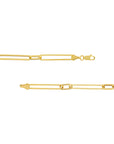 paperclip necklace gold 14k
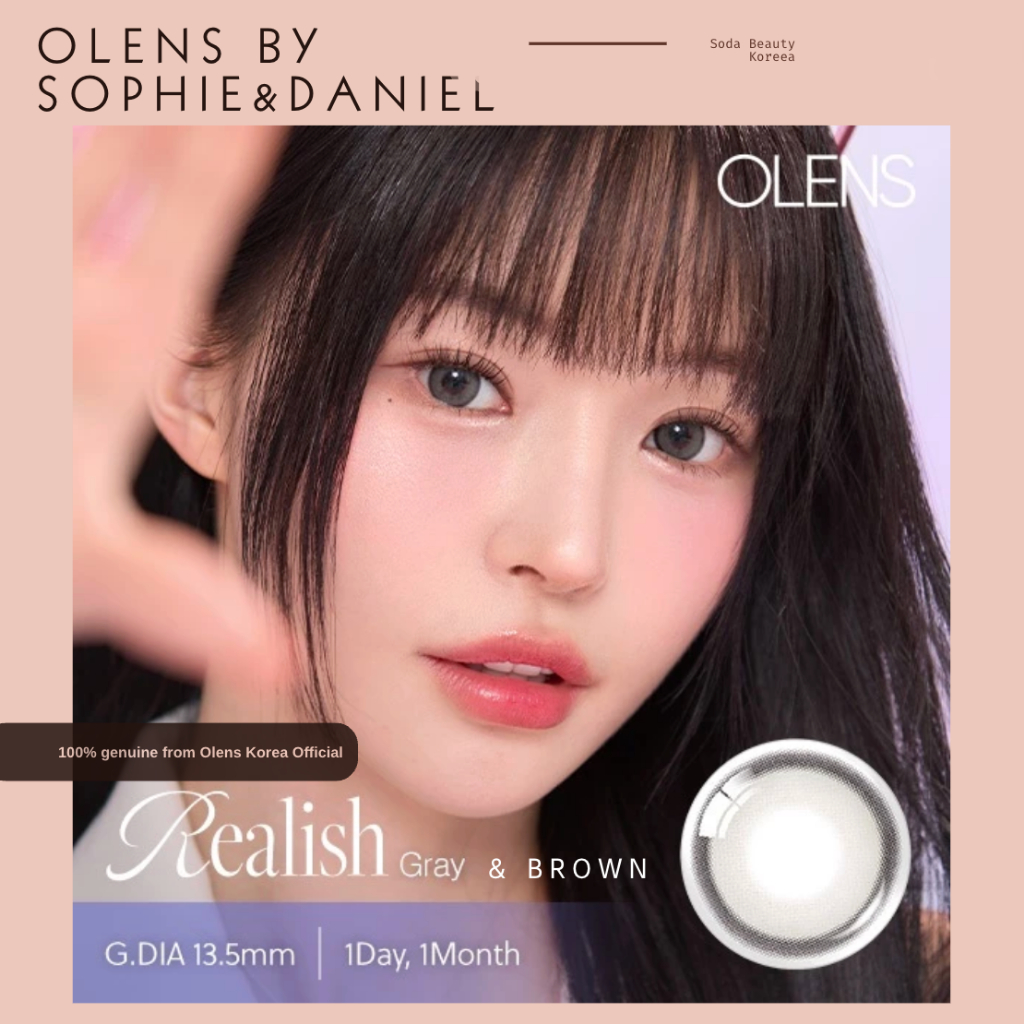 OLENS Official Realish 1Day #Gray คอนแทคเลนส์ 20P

──────────

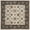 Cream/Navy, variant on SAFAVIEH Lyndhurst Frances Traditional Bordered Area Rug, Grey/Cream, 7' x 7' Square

──────────

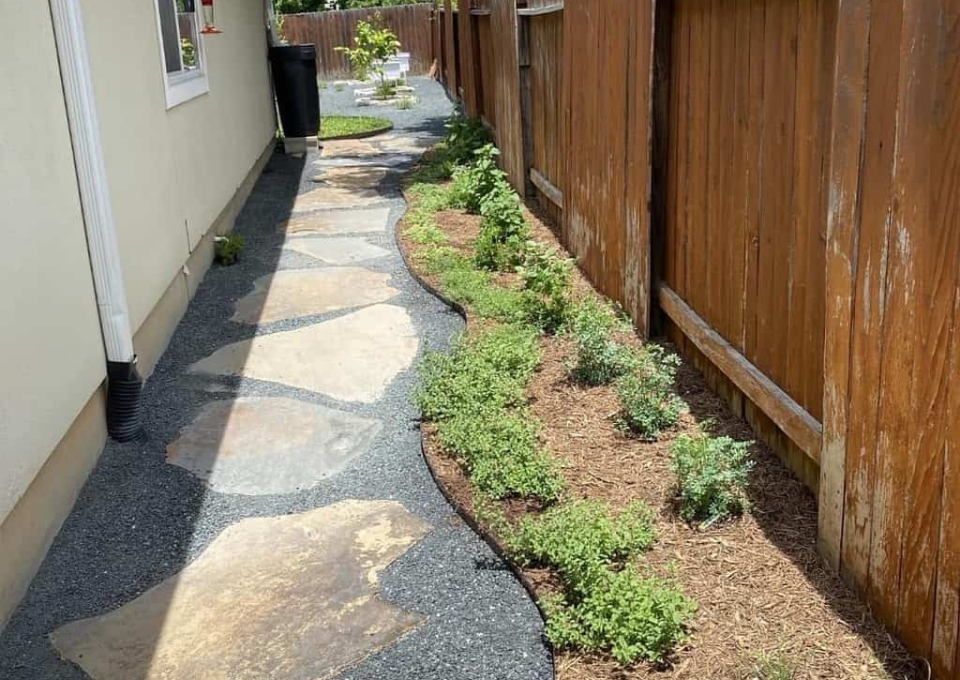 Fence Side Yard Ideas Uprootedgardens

──────────

- _What needs to be done_
I would like the exact lines from the data above, starting with the one that holds "paperclip necklace gold 14k" and going on through the one that holds "OLENS Official Realish", without the pictures.

- _Output of the task_
 paperclip necklace gold 14k
 OLENS Official Realish 1Day #Gray คอนแทคเลนส์ 20P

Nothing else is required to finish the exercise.